The Corner

National Security & Defense

The Army Announces New Counter-Drone Troops, but Counter-Drone Technology Is Still MIA

A U.S. Marine assigned to Battalion Landing Team 1/6, 26th Marine Expeditionary Unit (Special Operations Capable), pilots a Skydio Unmanned Aerial System during an amphibious landing for Northern Coast 2023 exercises in Ventspils, Latvia, September 12, 2023. (Staff Sergeant Jesus Sepulveda Torres/U.S. Marine Corps)

The ironclad warship, the machine gun, aircraft and aircraft carriers, radars, and nuclear weapons all forced military leaders to adapt or face painful losses on the battlefield. The latest evolution of this old tale is the explosion of unmanned aerial systems (UAS) onto the 21st century battlefield. Drones are a permanent feature of war, and the U.S. Army has taken note.

This week, the Army released a plan to reshape itself into something a bit more relevant to a new battlefield that is saturated with unmanned systems. The big winner appears to be air-defense artillery, a military profession that specializes in knocking things out of the sky. New air-defense battalions and batteries were announced, with Special Forces absorbing some big cuts to pay for the effort. The announcement comes after we lost three soldiers in Jordan to a suicide drone launched by an Iranian backed militia.

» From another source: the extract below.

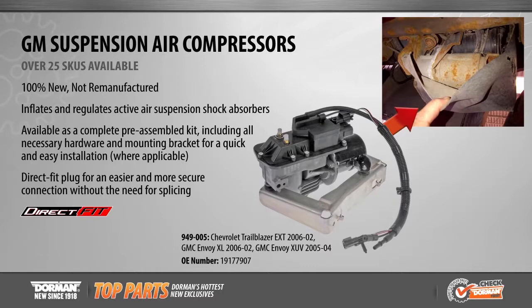All of Dorman's suspension air compressors are 100% new and include all necessary components to assist with installation.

It also gives the public a sneak peek at the Army’s annual budget request to Congress, which should be released in the coming weeks.

America has been demanding of our air-defense soldiers, a military profession that waned after the SCUD missile attacks of the Gulf War and the Army swelled into a light-infantry counterinsurgency force during the George W. Bush presidency. But the need has returned. Drones were a core element in the success of Hamas’s October 7, 2023, attack on Israel. Iranian proxies have since racked up 150 attacks on U.S. forces in the Middle East, almost all from deadly UAS systems. Russia is churning out tens of thousands a month to feed their war machine in Ukraine. Artificial intelligence tools are linking them together into deadly swarms and the systems themselves are cheaper and easier to build than the rockets we use to knock them down.

While it is well and good that the Army will train more soldiers to knock bad things out of the air, the service still suffers from an acquisition problem. There are new forms of electromagnetic and directed-energy wizardry that can zap not just drones, but drone swarms, out of the sky at the cost of pennies-per-engagement. The weapon is energy, not expensive rocketry, so the batteries are endless. American innovation is wonderful at finding technologic solutions to problems, in particular military problems. But American bureaucracy, the Pentagon bureaucracy worst of all, is wonderful at ensuring those technologic solutions never see the light of day.

It is not for lack of trying. Dozens of new organizations have stood up to help the military “go fast.” That is, buy things fast and get them in the field fast. If only we could field new military systems as fast as we field new Pentagon offices. This is the fundamental problem with Pentagon acquisition: Caution is prioritized and risk is sacrilege. But risk aversion is a risk unto itself. And the result on the battlefield is dead soldiers, as we saw in Jordan.

Representative Michael Waltz of Florida, a former Green Beret who has led the charge to reform broken Pentagon and State Department bureaucracies, expressed his irritation at a recent House Armed Services Committee hearing: “A frustration the committee’s aired very publicly is why the Pentagon has been so slow to acquire counter-drone technology if you’re suffering nearly 200 attacks in the last three years.” In a bipartisan display of righteousness, Representative Adam Smith of Washington echoed that same sentiment, saying that counter-drone technologies, and in particular directed-energy technologies, “need to go from promising to deployed quickly.”

No one wants American soldiers looking like the French at Agincourt, with British longbows raining arrows down on their heads. The Army just took an important step forward. But the acquisition problem still looms large. It will be curious to see if they can match the kit to the soldiers.

John Noonan is a former staffer on defense and armed-service committees in the House and Senate, a veteran of the United States Air Force, and a senior adviser to POLARIS National Security.